We've been watching Ubuntu for phones develop for over a year now, and in that time the project has hit several milestones, including developer previews for Nexus hardware and even an official release as part of Ubuntu 13.10. One thing that the platform is still missing is its own publicly-available smartphone hardware, though not for lack of trying. It looks that'll change this year, though, because Canonical has revealed that it's signed agreements with two device makers to produce Ubuntu phones in 2014.

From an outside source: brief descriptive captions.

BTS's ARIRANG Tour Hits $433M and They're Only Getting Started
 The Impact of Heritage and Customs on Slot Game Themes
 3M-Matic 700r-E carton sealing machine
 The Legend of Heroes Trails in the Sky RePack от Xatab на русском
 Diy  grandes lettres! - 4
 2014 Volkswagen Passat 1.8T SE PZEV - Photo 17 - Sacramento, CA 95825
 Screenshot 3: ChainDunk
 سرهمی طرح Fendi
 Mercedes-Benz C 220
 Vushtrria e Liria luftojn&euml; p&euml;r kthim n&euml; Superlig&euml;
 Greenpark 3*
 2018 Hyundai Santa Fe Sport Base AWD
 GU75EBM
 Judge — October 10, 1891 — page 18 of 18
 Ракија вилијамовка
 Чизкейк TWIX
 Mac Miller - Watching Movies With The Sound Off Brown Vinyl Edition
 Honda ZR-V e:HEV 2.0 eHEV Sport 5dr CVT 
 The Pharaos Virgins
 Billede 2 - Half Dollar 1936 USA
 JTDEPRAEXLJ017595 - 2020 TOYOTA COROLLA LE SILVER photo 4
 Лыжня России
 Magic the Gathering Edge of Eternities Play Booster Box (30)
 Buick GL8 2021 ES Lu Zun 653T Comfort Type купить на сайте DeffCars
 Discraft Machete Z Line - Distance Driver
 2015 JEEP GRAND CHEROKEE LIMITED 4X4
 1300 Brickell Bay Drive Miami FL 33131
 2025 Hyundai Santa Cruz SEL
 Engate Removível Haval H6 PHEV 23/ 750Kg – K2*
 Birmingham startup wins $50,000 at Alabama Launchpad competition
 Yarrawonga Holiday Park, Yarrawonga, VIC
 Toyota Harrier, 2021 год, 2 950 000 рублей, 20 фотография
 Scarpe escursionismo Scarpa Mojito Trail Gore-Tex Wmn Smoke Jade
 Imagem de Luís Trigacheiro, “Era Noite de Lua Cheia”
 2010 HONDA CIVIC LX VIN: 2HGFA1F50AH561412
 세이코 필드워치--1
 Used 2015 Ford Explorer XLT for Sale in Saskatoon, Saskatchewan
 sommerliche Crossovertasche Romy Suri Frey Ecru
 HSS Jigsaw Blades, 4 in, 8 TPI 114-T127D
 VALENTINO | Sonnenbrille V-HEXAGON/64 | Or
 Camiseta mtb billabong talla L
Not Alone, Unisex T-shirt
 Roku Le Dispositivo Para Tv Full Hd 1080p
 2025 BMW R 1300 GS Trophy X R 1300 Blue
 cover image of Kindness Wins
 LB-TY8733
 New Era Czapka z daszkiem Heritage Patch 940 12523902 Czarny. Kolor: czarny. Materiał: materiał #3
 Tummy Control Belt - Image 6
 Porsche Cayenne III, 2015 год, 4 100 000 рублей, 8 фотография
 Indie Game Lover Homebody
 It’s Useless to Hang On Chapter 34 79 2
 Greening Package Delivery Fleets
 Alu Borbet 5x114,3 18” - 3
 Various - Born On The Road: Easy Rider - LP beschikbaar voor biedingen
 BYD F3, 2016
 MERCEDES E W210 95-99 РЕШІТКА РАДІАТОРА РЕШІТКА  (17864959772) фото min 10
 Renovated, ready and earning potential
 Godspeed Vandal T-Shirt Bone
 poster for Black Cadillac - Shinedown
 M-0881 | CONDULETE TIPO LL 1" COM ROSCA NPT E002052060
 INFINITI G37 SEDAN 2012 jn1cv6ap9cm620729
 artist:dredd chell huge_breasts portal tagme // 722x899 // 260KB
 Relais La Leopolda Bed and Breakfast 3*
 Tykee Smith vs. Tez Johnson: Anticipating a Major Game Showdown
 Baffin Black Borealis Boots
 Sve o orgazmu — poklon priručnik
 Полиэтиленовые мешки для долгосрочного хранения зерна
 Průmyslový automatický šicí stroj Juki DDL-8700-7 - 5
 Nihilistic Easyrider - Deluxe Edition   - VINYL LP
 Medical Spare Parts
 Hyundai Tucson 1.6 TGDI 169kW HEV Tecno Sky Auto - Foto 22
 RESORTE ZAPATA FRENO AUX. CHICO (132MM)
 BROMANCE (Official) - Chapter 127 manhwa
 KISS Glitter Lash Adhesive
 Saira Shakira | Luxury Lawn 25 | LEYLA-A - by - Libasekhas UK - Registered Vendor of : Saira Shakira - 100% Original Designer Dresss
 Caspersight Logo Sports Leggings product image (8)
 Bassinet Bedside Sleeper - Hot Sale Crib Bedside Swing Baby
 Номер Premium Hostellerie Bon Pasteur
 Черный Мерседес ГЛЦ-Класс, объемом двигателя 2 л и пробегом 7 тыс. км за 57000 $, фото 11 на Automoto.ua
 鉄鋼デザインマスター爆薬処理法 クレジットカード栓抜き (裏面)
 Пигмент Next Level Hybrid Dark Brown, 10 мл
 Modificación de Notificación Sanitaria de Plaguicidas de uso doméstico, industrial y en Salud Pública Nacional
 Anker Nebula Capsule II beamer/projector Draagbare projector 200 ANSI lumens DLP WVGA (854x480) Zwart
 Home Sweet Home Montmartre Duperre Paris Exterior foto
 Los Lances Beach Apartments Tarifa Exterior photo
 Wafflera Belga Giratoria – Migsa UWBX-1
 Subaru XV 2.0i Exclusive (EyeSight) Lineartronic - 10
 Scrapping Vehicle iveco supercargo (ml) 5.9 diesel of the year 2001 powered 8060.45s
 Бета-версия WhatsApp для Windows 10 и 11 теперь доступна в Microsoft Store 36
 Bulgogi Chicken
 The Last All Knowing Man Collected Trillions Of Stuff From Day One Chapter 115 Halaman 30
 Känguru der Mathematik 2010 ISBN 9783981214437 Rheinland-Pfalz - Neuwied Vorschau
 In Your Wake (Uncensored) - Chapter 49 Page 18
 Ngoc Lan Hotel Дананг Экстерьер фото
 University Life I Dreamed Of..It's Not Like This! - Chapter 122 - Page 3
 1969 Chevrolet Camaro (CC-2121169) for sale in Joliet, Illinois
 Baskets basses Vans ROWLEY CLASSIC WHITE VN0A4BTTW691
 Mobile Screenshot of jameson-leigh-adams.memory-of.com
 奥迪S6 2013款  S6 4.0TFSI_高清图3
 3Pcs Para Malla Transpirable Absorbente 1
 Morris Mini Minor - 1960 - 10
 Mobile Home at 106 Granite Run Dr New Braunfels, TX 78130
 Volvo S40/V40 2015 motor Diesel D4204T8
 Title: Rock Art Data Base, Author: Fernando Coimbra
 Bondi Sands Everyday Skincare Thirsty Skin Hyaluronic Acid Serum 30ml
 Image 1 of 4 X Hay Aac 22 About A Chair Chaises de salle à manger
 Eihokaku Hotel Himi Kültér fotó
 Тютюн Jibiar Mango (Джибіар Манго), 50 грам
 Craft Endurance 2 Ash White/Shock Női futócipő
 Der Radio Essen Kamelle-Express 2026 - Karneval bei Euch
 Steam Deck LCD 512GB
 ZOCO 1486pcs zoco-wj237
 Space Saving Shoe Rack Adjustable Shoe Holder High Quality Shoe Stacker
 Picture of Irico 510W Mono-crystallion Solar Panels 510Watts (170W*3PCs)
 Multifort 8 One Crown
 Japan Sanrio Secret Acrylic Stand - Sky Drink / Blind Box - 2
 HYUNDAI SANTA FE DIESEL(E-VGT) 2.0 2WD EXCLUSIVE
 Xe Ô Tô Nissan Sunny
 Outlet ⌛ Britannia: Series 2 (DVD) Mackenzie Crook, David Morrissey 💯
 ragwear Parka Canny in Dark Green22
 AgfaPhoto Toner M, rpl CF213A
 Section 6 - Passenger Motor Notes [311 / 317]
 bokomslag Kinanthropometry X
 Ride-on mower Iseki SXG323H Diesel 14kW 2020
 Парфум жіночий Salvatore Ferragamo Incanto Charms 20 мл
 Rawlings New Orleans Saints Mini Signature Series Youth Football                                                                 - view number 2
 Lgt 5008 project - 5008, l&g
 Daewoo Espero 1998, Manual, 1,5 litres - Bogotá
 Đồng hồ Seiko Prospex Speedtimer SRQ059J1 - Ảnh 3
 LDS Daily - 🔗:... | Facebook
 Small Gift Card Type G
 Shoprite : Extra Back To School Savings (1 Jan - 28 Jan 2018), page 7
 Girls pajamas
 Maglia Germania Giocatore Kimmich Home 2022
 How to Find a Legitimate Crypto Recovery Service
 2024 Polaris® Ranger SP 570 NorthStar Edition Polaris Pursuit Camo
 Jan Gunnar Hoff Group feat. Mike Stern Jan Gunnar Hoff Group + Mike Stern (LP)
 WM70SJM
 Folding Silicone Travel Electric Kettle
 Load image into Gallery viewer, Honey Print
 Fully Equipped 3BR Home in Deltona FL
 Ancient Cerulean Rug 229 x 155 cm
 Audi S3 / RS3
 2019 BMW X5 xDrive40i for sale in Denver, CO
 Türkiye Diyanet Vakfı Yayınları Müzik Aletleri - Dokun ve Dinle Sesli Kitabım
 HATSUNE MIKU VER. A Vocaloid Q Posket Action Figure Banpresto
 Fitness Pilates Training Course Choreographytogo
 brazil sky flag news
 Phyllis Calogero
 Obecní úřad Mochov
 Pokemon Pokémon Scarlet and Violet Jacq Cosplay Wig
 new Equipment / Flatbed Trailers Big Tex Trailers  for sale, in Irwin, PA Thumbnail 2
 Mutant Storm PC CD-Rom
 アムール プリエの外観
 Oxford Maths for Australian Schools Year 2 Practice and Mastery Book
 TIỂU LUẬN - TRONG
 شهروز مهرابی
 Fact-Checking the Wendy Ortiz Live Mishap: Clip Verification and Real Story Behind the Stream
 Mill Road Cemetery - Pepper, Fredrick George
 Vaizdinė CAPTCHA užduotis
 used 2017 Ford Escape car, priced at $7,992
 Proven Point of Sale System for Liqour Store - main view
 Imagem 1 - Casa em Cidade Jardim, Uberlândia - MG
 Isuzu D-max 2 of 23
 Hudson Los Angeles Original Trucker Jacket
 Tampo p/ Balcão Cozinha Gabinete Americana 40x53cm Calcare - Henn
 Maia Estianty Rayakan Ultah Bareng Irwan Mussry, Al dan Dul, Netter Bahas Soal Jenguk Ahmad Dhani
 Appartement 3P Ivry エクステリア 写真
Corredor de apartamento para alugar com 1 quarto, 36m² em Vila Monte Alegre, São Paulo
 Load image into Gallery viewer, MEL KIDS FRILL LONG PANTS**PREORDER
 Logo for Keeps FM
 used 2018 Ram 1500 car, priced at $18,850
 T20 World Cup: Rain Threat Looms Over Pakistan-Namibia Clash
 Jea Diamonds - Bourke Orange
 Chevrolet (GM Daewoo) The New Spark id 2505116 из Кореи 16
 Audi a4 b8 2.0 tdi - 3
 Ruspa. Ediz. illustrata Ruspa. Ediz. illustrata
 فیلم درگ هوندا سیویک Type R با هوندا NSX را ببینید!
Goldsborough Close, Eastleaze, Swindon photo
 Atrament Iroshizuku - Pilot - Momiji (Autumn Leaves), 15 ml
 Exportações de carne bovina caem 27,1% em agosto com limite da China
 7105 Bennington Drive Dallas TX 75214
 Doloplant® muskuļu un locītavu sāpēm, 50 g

Canonical announced today that Spanish manufacturer bq and Chinese company Meizu have signed on to ship the first Ubuntu phones later this year. Details on the upcoming devices are still pretty light, but Canonical does say that it's currently involved in developer programs with its partners to work on smartphones that consist of "mid to high-end hardware." The upcoming Ubuntu phones will be made available online by bq, Meizu and on the Ubuntu website.
Along with its bq and Meizu partnerships, Canonical says that Ubuntu for phones has received support from "the world's biggest carriers," some of which will offer phones this year. Unfortunately, Canonical stopped short of naming any names. There are some big operators involved in the Ubuntu Carrier Advisory Group, including T-Mobile and Verizon in the U.S., though that's no guarantee that we'll see Ubuntu phones on those operators any time soon.
The mobile version of Ubuntu has evolved ever since it was first announced in January 2013, and it's exciting to hear that the platform has itself some manufacturer support. It'll definitely be interesting to see what kind of hardware bq and Meizu release and at what price points the devices come in at. The good news is that both companies are expected to roll out online campaigns for their Ubuntu phones, meaning that they'll be available to consumers around the globe.
Do any of you plan on checking out bq and Meizu's Ubuntu handsets when they become available later this year?